Data provided:

+---+

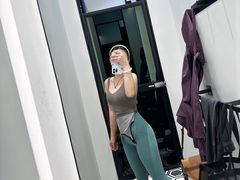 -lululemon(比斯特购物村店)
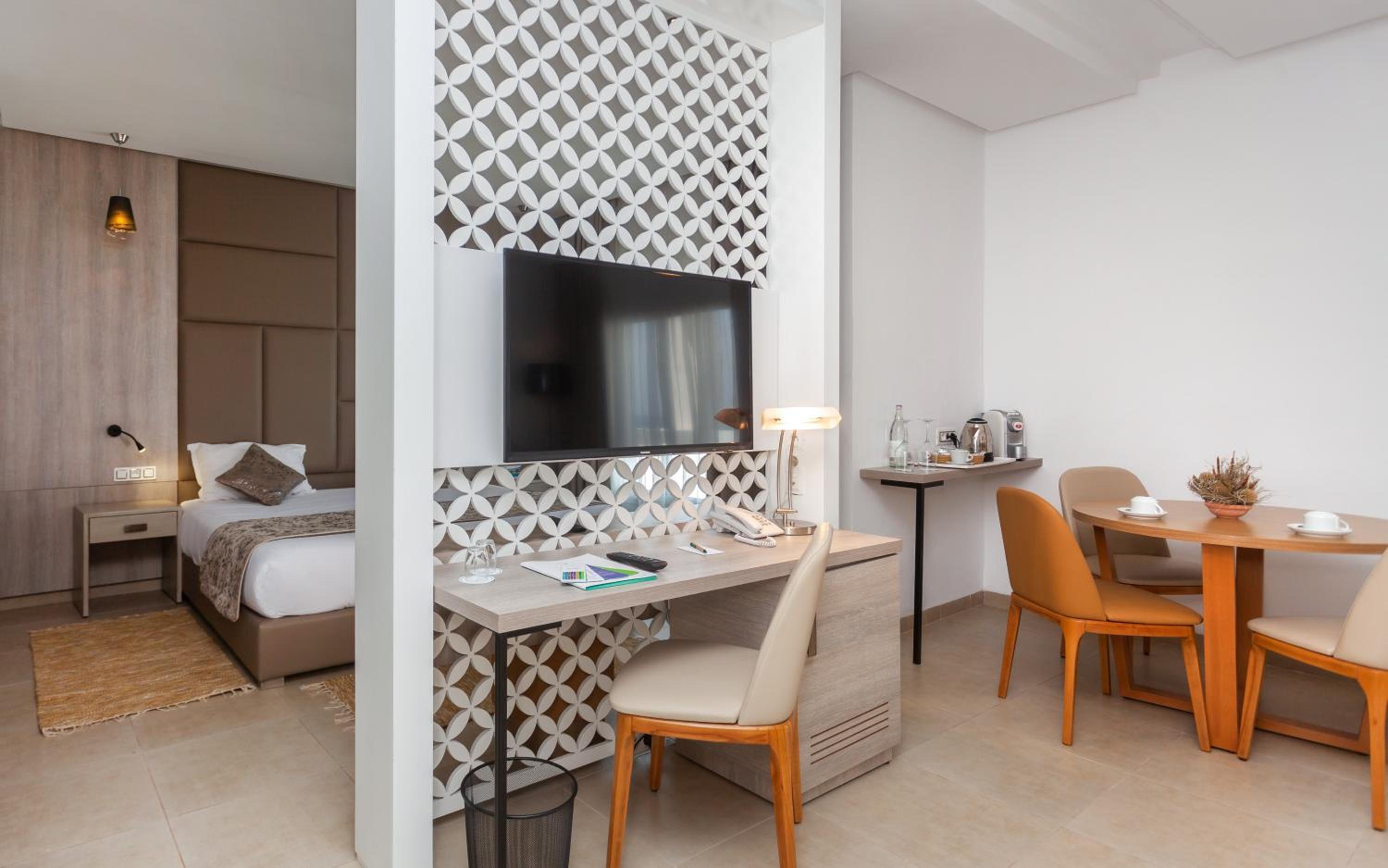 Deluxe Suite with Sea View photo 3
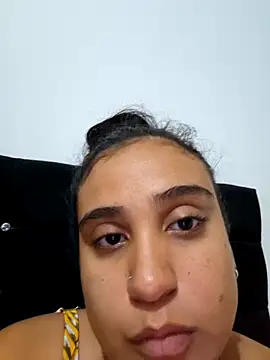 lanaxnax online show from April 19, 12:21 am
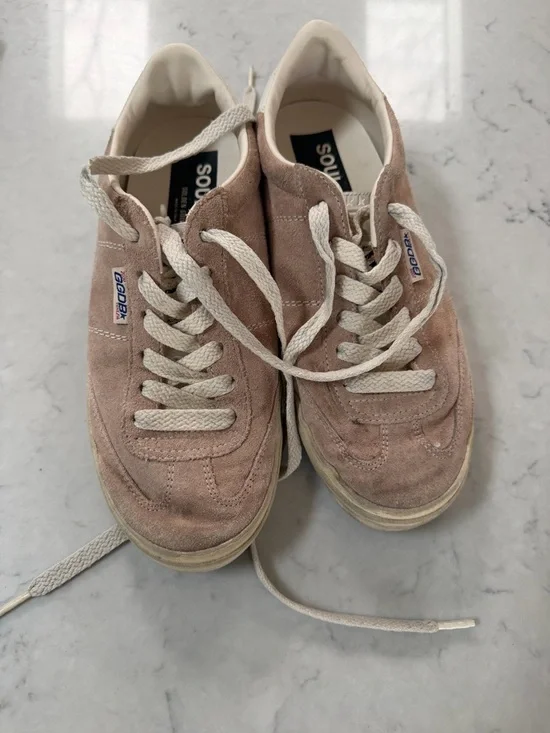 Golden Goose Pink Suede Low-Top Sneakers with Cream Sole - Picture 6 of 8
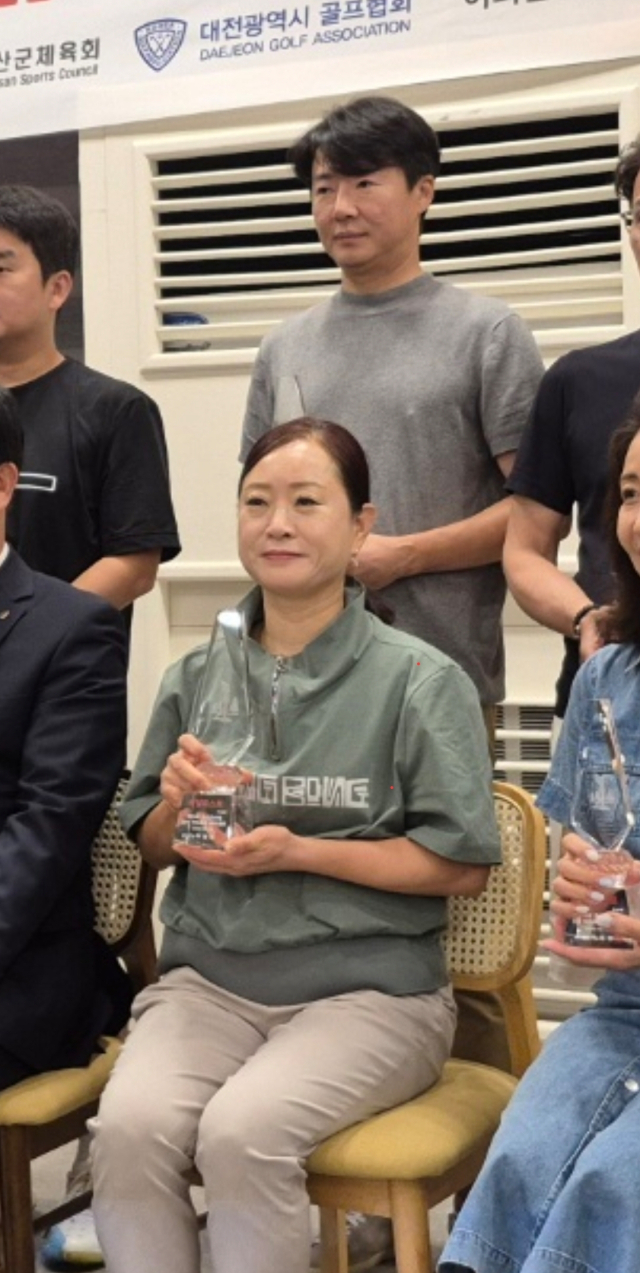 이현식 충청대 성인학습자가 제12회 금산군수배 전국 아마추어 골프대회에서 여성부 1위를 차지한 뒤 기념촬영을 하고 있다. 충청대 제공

+---+

Problem to solve: With the pictures removed, set down every line of the listing above exactly.

Finished task:
 -lululemon(比斯特购物村店)
 Deluxe Suite with Sea View photo 3
 lanaxnax online show from April 19, 12:21 am
 Golden Goose Pink Suede Low-Top Sneakers with Cream Sole - Picture 6 of 8
 이현식 충청대 성인학습자가 제12회 금산군수배 전국 아마추어 골프대회에서 여성부 1위를 차지한 뒤 기념촬영을 하고 있다. 충청대 제공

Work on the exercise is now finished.